Canopy Growth Corporation (NYSE:CGC) is in a “leadership transition,” which continues to be a drag on CGC stock.
After another loss yesterday, CGC stock is down over 4% since the July 3 announcement that founder and Co-CEO Bruce Linton was stepping down from his position. The press release also stated that he will be leaving the Canopy Growth Board.
Poor fourth-quarter results and CBD limitations in the U.S. market are only adding to Canopy Growth’s woes.
The corporate drama in particular continues a slide for Canopy Growth stock that began in May and has seen shares down over 22%.
The Bruce Linton Effect on CGC Stock
On July 3, Canopy Growth put out a press release announcing a “leadership transition.” The Canadian company’s founder and Co-CEO Bruce Linton would be stepping down from his position immediately, as well as giving up his seat on the board.
“We thank Bruce and Mark for establishing the foundation for a company that is very well-positioned to lead in the emerging global cannabis market. We are also excited to embark upon our next phase of growth as global leader in the cannabis industry.”
The remaining Co-CEO Mark Zekulin will remain as the sole CEO while the board conducts a search for the next leader of the company.
News of Linton’s departure had an immediate impact on CGC stock. That’s only natural when the co-CEO, founder, and public face of the largest company in the high profile cannabis industry steps down.
Then Linton poured fuel on the fire. In a CNBC interview, Linton claimed that despite the wording used in the press release (which suggested an amicable split), he was actually fired.
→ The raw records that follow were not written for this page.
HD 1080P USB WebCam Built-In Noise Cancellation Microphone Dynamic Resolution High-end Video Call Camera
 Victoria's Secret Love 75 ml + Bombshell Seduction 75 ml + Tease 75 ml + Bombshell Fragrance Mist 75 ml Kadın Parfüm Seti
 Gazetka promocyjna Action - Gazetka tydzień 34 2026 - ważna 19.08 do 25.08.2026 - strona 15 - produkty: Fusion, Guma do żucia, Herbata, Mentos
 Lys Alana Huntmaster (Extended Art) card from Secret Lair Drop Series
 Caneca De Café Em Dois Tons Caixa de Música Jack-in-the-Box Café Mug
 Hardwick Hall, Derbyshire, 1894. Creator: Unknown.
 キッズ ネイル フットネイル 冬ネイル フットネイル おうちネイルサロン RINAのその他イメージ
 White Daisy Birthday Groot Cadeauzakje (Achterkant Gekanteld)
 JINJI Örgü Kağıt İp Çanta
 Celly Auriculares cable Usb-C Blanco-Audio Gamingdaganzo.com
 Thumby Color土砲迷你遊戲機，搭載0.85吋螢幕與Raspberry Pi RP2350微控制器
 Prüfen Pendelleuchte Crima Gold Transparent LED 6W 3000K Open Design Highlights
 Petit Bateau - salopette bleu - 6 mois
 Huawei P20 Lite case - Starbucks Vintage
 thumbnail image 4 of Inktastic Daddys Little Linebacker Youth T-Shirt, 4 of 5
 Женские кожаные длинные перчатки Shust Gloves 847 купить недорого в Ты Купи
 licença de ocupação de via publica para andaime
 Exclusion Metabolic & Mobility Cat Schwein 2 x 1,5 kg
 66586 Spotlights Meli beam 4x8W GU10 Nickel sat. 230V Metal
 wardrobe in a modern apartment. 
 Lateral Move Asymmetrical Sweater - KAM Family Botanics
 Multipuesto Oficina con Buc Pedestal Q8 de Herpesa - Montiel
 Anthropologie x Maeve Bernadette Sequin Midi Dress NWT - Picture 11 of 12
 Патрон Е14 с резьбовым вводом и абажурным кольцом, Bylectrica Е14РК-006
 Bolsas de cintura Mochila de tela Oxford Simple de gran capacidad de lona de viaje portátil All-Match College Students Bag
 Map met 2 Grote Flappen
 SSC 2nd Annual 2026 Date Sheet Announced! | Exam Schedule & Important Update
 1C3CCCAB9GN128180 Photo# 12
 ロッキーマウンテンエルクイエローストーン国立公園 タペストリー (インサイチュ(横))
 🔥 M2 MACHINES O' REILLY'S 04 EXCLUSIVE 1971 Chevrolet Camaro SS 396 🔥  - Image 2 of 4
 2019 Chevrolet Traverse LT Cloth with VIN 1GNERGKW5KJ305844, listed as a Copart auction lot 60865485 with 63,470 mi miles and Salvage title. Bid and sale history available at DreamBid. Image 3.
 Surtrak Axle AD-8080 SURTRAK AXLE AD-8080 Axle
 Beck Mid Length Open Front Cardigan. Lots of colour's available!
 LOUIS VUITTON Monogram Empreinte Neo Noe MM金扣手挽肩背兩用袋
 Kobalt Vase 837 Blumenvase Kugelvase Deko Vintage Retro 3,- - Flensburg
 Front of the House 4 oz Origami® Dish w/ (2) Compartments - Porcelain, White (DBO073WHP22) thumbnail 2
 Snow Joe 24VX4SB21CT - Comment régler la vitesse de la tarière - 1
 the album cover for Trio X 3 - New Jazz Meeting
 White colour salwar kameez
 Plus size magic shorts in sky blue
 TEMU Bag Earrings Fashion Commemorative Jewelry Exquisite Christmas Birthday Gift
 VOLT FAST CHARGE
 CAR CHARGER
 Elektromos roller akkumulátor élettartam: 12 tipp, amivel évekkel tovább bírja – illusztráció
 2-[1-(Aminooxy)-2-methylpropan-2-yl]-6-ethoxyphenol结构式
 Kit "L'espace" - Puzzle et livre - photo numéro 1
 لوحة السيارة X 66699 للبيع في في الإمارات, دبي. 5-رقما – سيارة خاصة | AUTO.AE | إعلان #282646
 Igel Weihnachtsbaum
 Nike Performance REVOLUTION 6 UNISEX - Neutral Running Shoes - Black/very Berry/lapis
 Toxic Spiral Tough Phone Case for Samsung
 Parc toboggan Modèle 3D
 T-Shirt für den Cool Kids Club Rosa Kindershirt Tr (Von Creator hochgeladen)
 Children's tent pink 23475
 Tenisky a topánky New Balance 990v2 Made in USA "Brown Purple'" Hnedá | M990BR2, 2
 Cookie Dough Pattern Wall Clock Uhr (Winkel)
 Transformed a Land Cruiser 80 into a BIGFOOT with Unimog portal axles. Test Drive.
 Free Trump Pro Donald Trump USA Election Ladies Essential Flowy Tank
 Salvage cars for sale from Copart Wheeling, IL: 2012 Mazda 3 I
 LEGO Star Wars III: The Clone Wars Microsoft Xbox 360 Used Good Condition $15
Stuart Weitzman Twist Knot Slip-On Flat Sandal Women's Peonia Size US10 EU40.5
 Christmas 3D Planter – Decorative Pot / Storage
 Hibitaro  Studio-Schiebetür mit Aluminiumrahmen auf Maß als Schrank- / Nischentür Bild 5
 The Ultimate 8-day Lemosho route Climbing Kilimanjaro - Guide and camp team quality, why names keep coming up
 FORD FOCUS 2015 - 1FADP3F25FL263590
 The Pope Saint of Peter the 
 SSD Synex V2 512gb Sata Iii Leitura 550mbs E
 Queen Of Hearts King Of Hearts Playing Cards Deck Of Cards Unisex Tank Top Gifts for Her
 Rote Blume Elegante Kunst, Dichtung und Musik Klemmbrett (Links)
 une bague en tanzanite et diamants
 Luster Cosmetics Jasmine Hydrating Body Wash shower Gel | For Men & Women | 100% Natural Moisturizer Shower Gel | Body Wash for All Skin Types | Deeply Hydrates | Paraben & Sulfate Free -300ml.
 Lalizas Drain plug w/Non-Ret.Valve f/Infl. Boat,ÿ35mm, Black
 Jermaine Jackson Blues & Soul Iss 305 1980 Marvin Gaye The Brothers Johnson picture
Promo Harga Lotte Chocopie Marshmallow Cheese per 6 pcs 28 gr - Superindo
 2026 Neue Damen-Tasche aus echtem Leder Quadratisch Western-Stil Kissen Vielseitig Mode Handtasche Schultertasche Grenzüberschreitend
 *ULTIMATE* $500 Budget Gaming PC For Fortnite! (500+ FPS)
“I think stepping down might not be the right phrase, I was terminated.”
The drama around Linton’s departure has not been great news for the company and Canopy Growth stock continues to feel the impact of the move.
Added to the Q4 Earnings Report
While Linton hasn’t yet suggested he was fired because of the company’s poor Q4 results, many people are connecting the dots.
Constellation Brands (NYSE:STZ) invested $4 billion in Canopy Growth last August. That move included putting an insider into the role of CFO at Canopy, and adding its own board members. Naturally, a suspicion was raised that Linton was fired as CEO because Constellation had lost patience after another disappointing quarter. When Canopy posted its Q4 results on June 20, revenue was up, but so were losses which were far higher than analysts had been expecting. That resulted in a plunge in the CGC stock price as investors bailed.
Constellation Brands has been giving interviews denying that Linton was fired because of Canopy Growth’s financial performance, however that’s only adding to suspicions.
What About CBD?
Now that recreational marijuana has been legal in Canada for nearly a year, one of the areas where Canopy Growth has been looking for growth is CBD — a cannabis extract.
The American market for CBD is estimated to be worth as much as $22 billion by 2022, putting it in the same league as recreational marijuana. The company has plans to release CBD products in the U.S. — a move that should have significant upside for CGC stock — however there’s a speed bump there.
The Federal Drug Administration ruled that it is illegal to add CBD to food or drinks. Yesterday, New York City’s Department of Health put a ban on CBD-infused food and beverages into effect. And starting October 1, violations by restaurants or retailers will come with a fine ranging from $250 to $600. With other jurisdictions — including the states of Ohio and Maine — also banning CBD additives in consumables, the rollout of CBD-infused products seems unlikely to go as smoothly as hoped.
All in all, not a great start to the summer for Canopy stock. But for investors looking to grab a piece of the biggest player in the legal marijuana market, the company’s current struggles while it enters into its “next phase of growth” may make it a buying opportunity.
As of this writing, Brad Moon did not hold a position in any of the aforementioned securities.